---------- Data shown
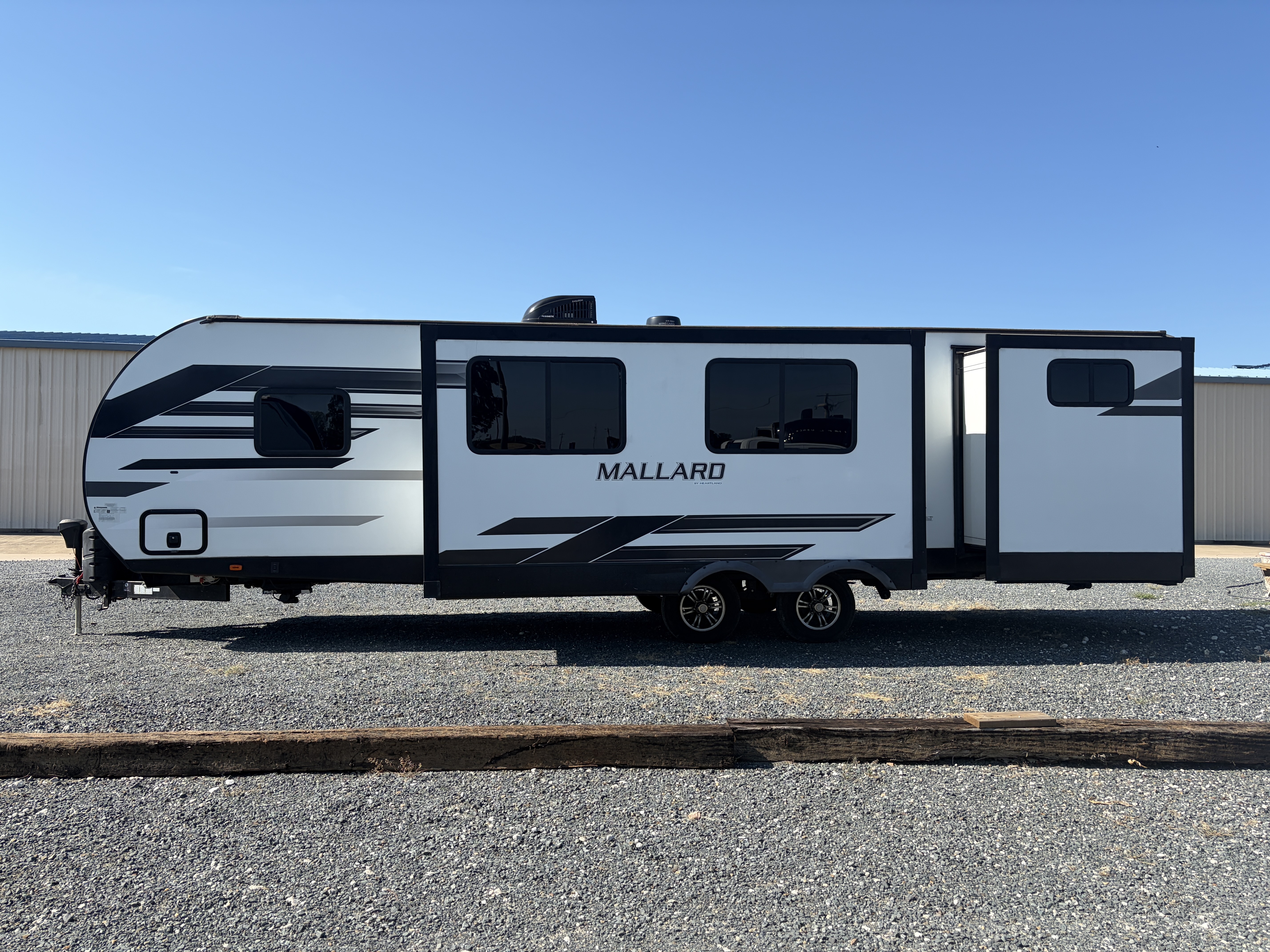2022 Heartland Mallard M32 RV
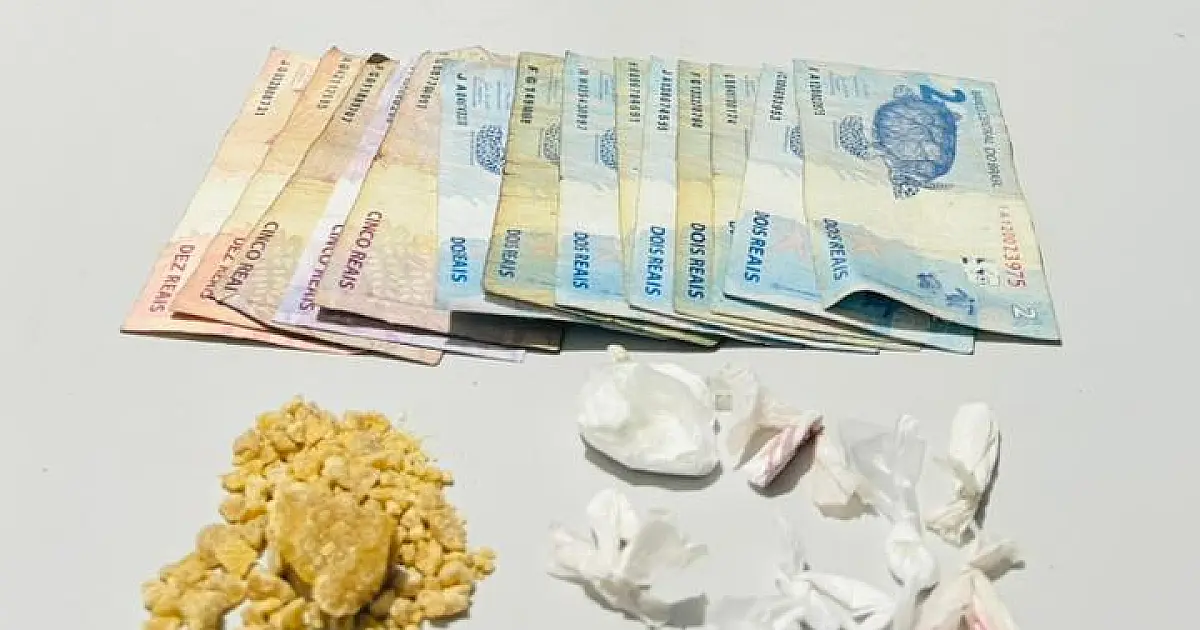 Homem é preso vendendo droga em beco do bairro Borrowski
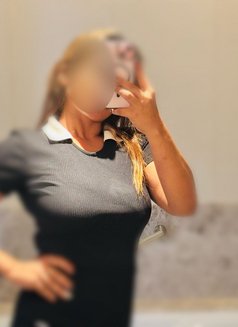 Anjala - escort in Colombo Photo 5 of 7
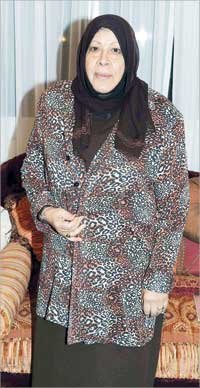 شيخة الزاحم ونظرة لعدسة «الراي»	(تصوير طارق عز الدين)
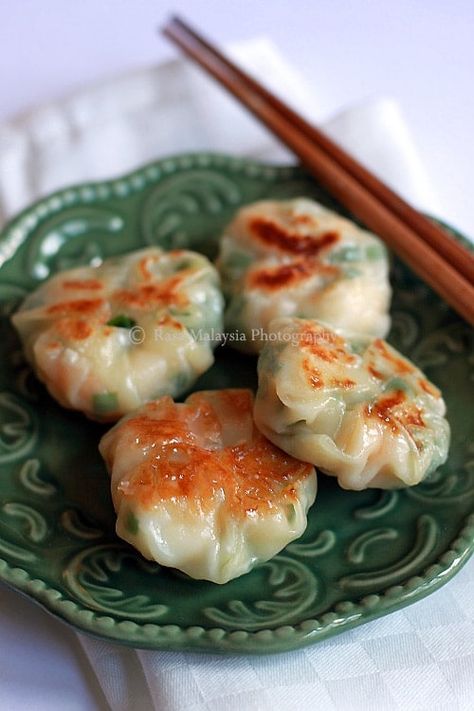 Koreansk Mad, Chive Dumplings, Dim Sum Recipes, Mapo Tofu, Chinese Dumplings, Wontons, Mahi Mahi, Asian Cooking, Asian Dishes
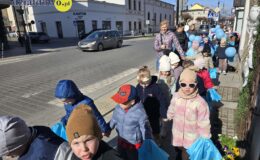 Niebieski marsz małych serc
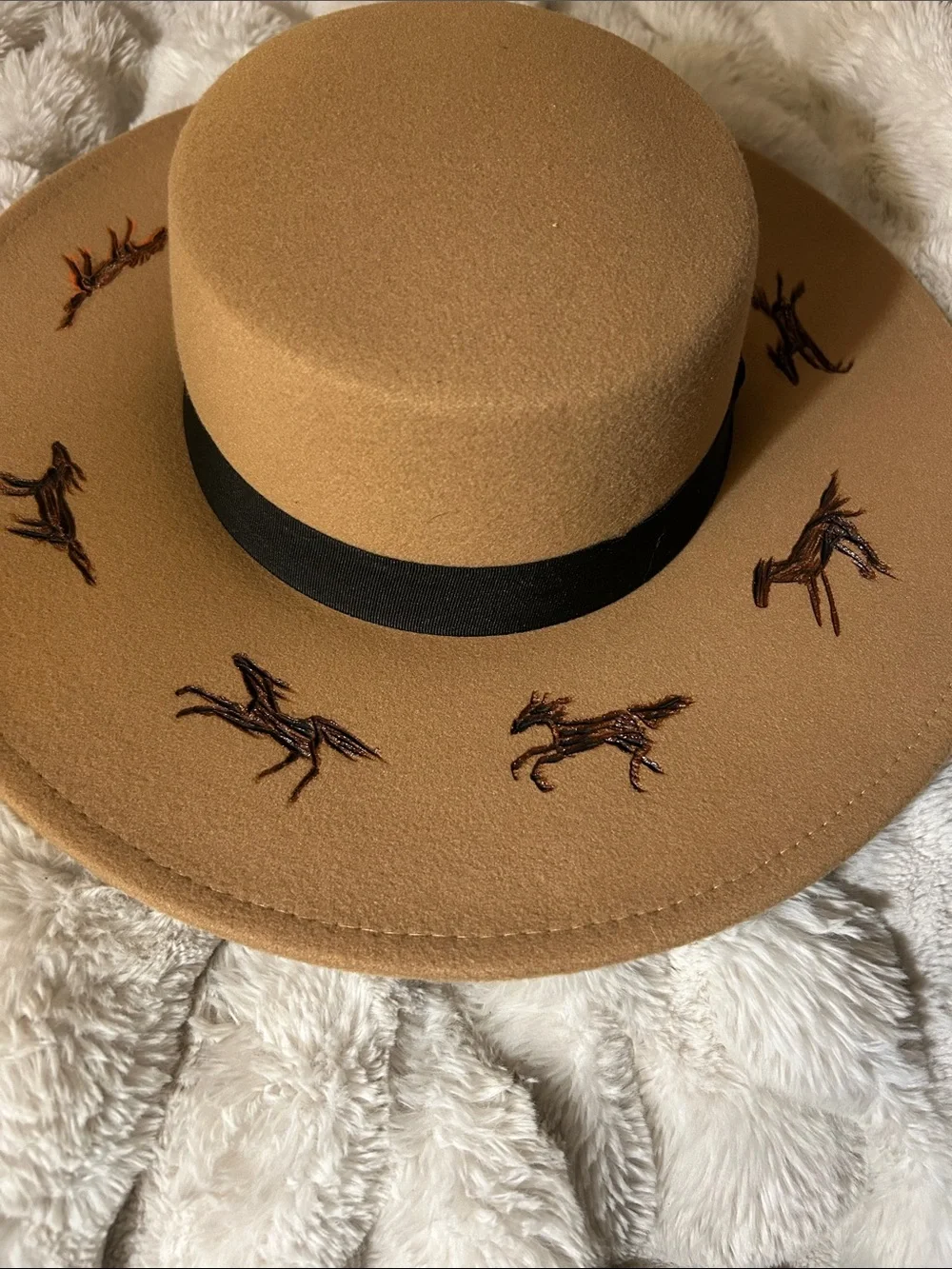 One of one running horses wide brim hat - Picture 2 of 4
--------------------
◆ Your instructions: Only the lines from the one containing "Anjala - escort in Colombo Photo 5 of 7" through the end of the data above are to be output, exactly and without pictures.

◆ Answer section:
 Anjala - escort in Colombo Photo 5 of 7
 شيخة الزاحم ونظرة لعدسة «الراي»	(تصوير طارق عز الدين)
 Koreansk Mad, Chive Dumplings, Dim Sum Recipes, Mapo Tofu, Chinese Dumplings, Wontons, Mahi Mahi, Asian Cooking, Asian Dishes
 Niebieski marsz małych serc
 One of one running horses wide brim hat - Picture 2 of 4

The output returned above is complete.